"dış kapıyı çarpıp çıktığı sokak tenhaydı. şehirdekilerin çoğu şimdi ya yataklarında ya da yataklarına yakındılar. caddeye doğru yürüyordu. karşıdan gelen bir kadın onun uzağından dolaştı. arkasından gitmedi. biliyordu. yanından hızla geçen taksiye baktı. içinde oturan kadınla erkek sanki iki mankendiler. "neden? neden böylesiniz?" olanla yetinerek, aramadan düşünmeden yaşanılsın diye yaratılmış bir dünyada yalnızdı. sırtı kaşınıyordu. eve gidip yıkanacaktı."

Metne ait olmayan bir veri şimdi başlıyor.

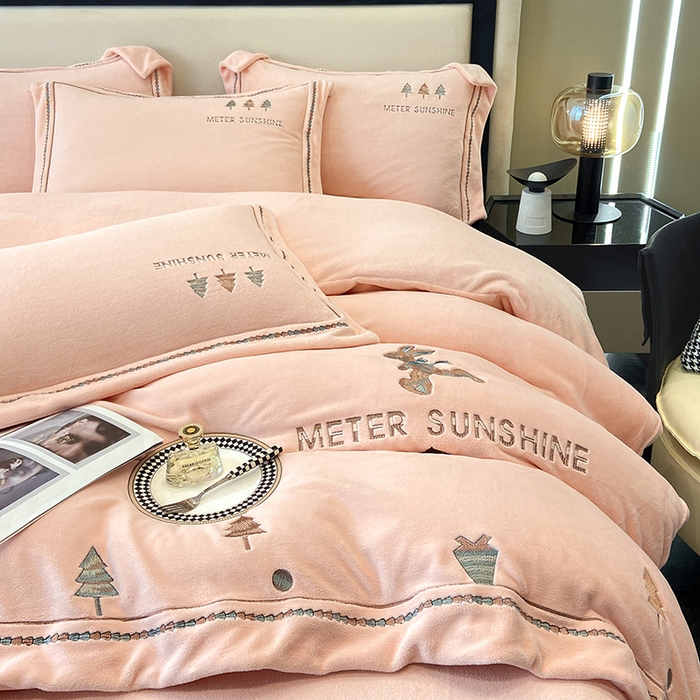 91家纺网 家纺一手货源 找家纺 家居1号家纺 2025新款230克牛奶绒全消光冬季爆款四件套-唯美意境 唯美意境-少女粉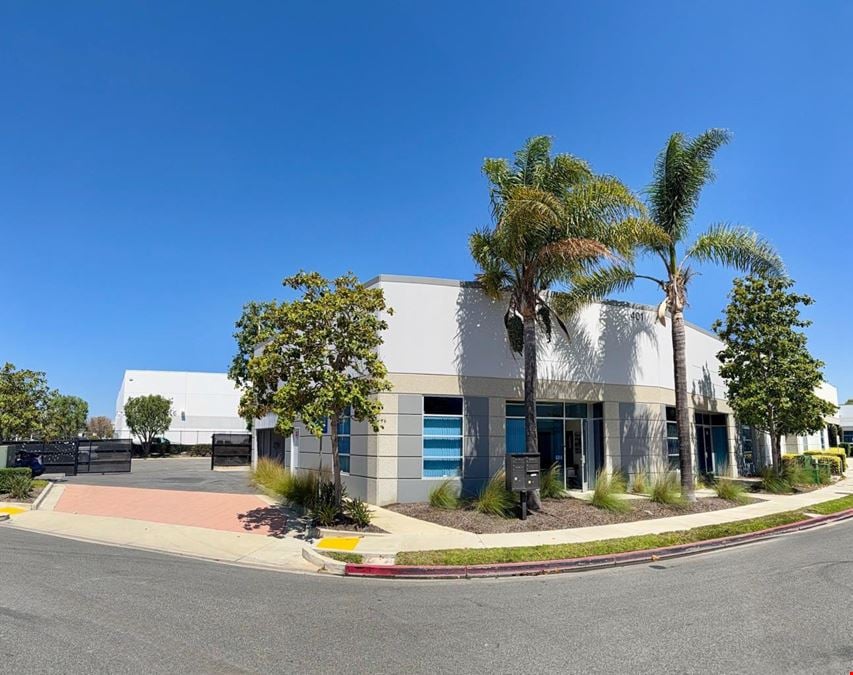 401 Spectrum Circle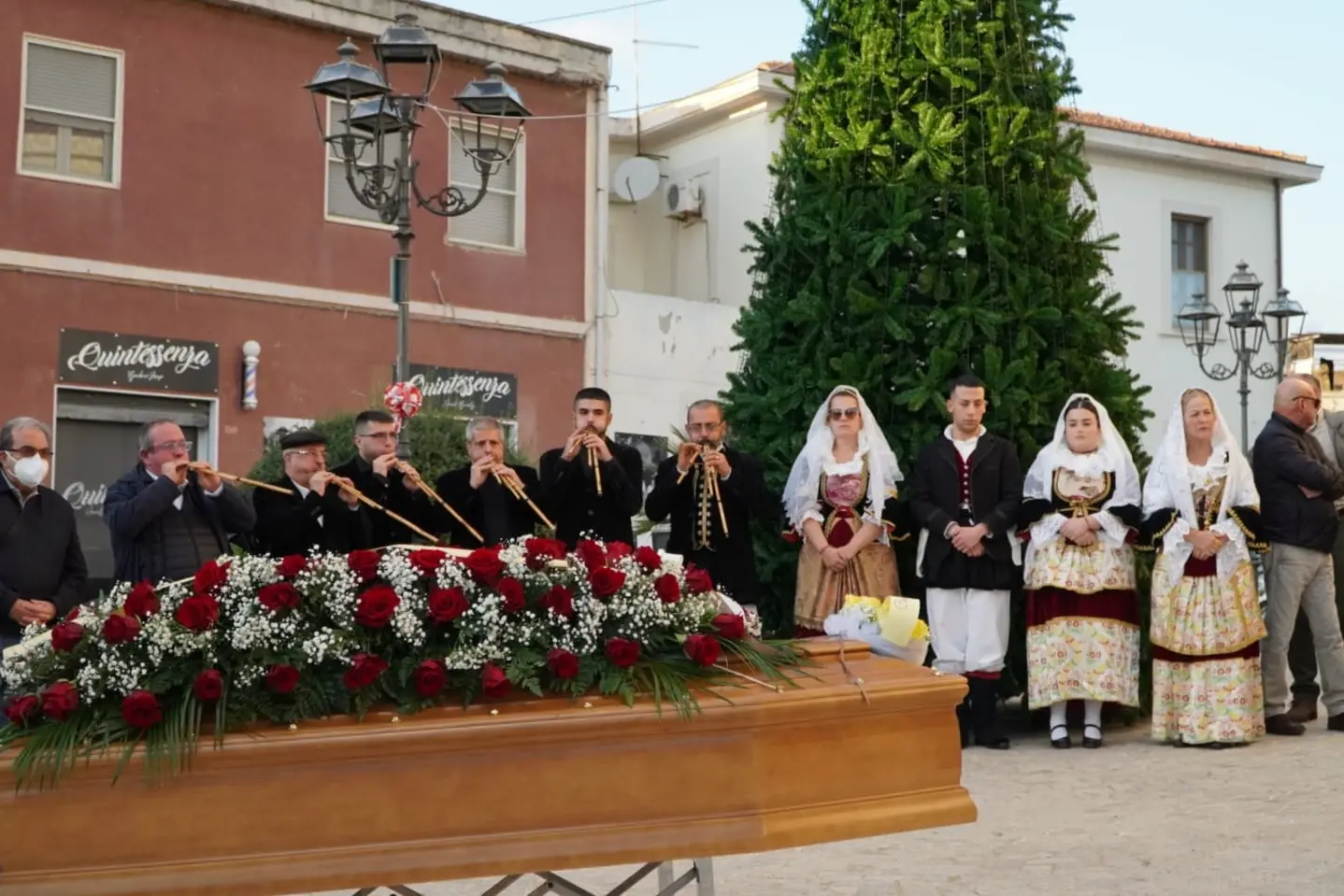 I funerali (foto L'Unione Sarda - Andrea Serreli)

"Elindekileri karyolanın altına boş bavula koydu. Çevresine bakındı. Yoktu. Oturma odasını da aradı. Orada da yoktu. Bunca lüzumsuz eşya vardı da, neden en gereken, bir sigara küllüğü yoktu. Kadınlar da böyleydi. Dünyada gereğinden çok kadın vardı ama, yalnız bir teki yoktu."

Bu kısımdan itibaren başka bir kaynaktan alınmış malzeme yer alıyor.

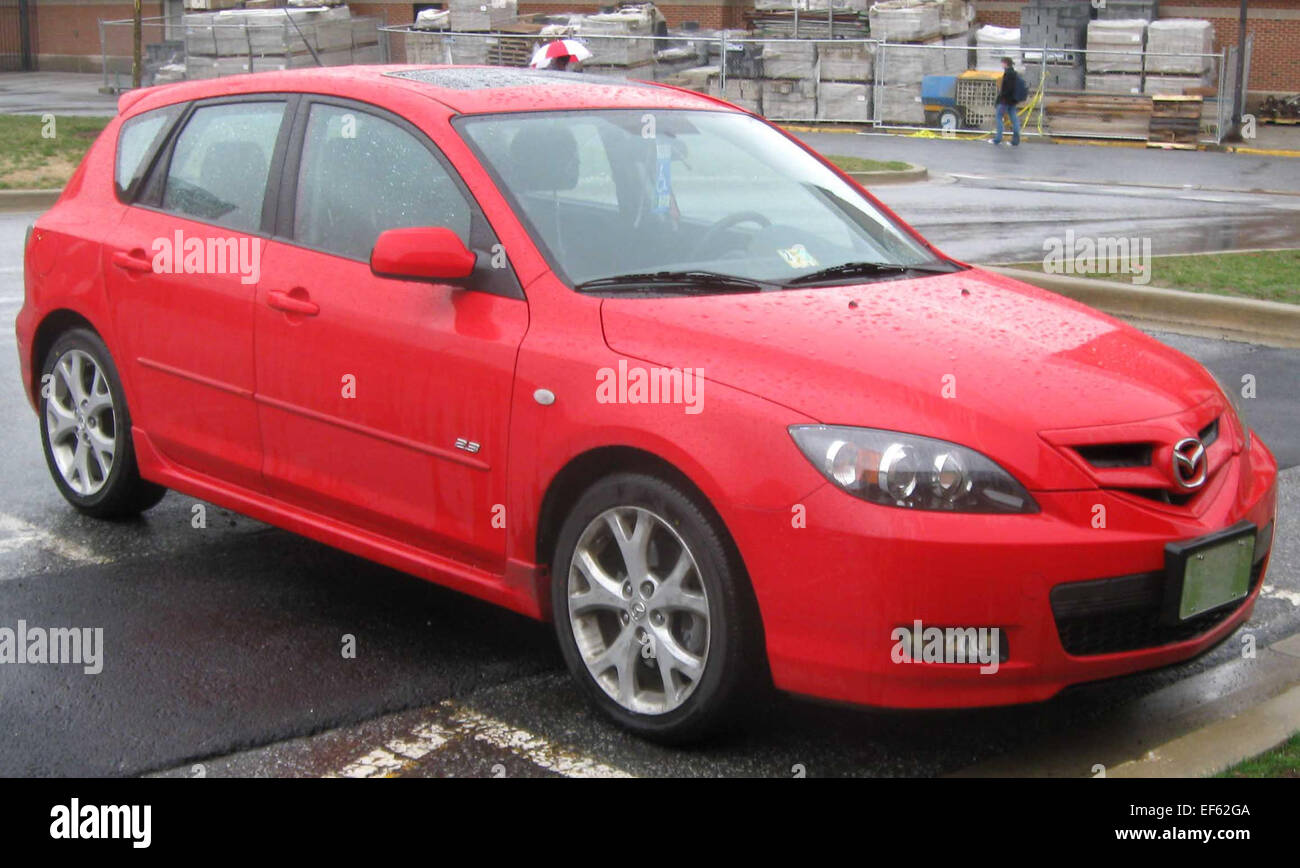 07 09 Mazda3 s hatch front Stock Photo - Alamy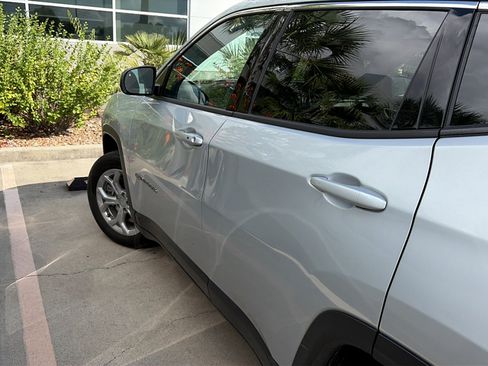 Used 2024 Jeep Compass Latitude AWD/4WD image 5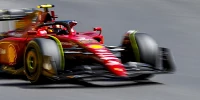 Foto zur News: Sainz: Was Ferrari nach dem Doppel-Aus in Baku von Red Bull lernen kann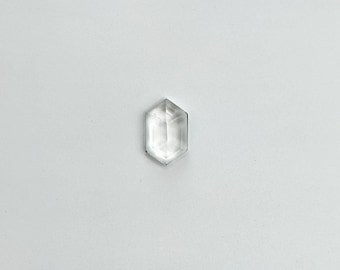 Kryształowy kwarc pryzmatyczny, wydłużony, sześciokątny, szlif - 11 x 7 x 4,5 mm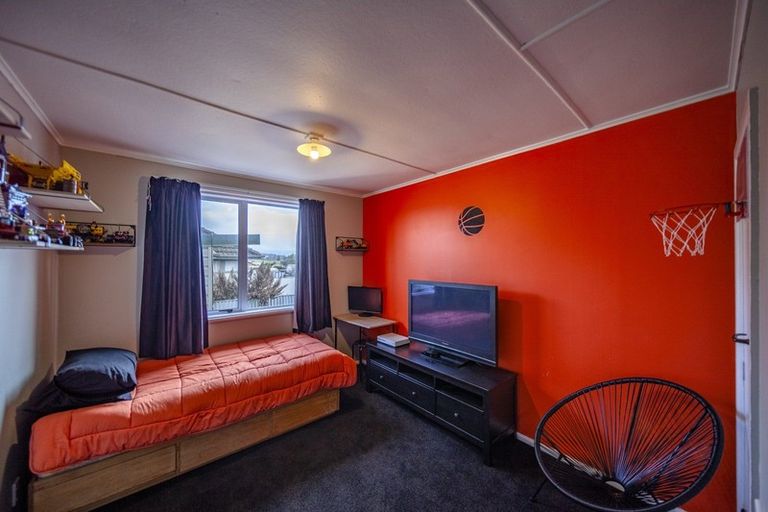 Photo of property in 27 Mclean Terrace, Waipukurau, 4200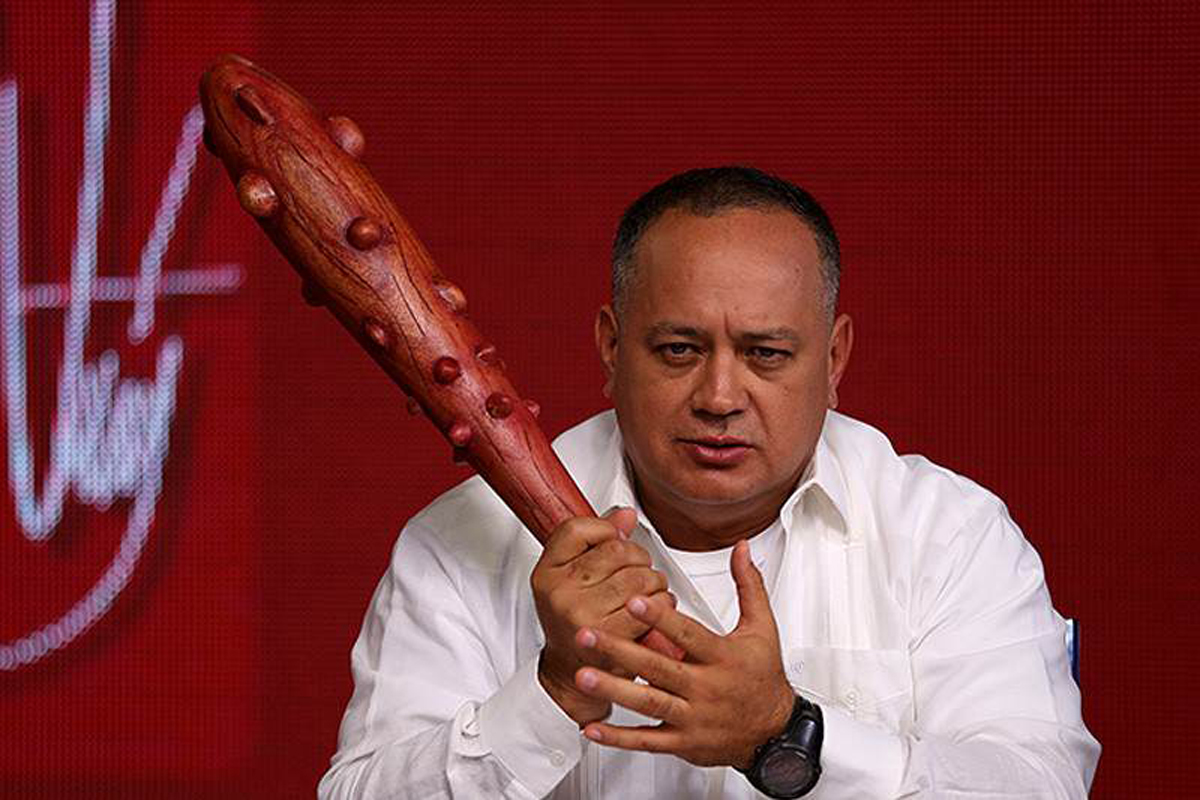Diosdado Cabello, admitió este miércoles que trataron de secuestrarlo. Dijo que las autoridades detuvieron a nueve personas presuntamente implicadas. En su programa, Con el mazo dando, no facilitó detalles del caso.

"dünyada hepimiz sallantılı, korkuluksuz bir köprüde yürür gibiyiz. tutunacak bir şey olmadı mı insan yuvarlanır. tramvaylardaki tutamaklar gibi. uzanır tutunurlar. kimi zenginliğine tutunur; kimi müdürlüğüne; kimi işine, sanatına. çocuklarına tutunanlar vardır. herkes kendi tutamağının en iyi, en yüksek olduğuna inanır. gülünçlüğünü fark etmez."
"sustu. konuşmak lüzumsuzdu. bundan sonra kimseye ondan bahsetmeyecekti. biliyordu anlamazlardı"
aylak adam müthiş aforizmalarının yanında yusuf atılgan'ın sağlam üslubu, anlatımdaki kurgusu ve harikulade ayrıntılarıyla sarsıcı, sürükleyici bir roman.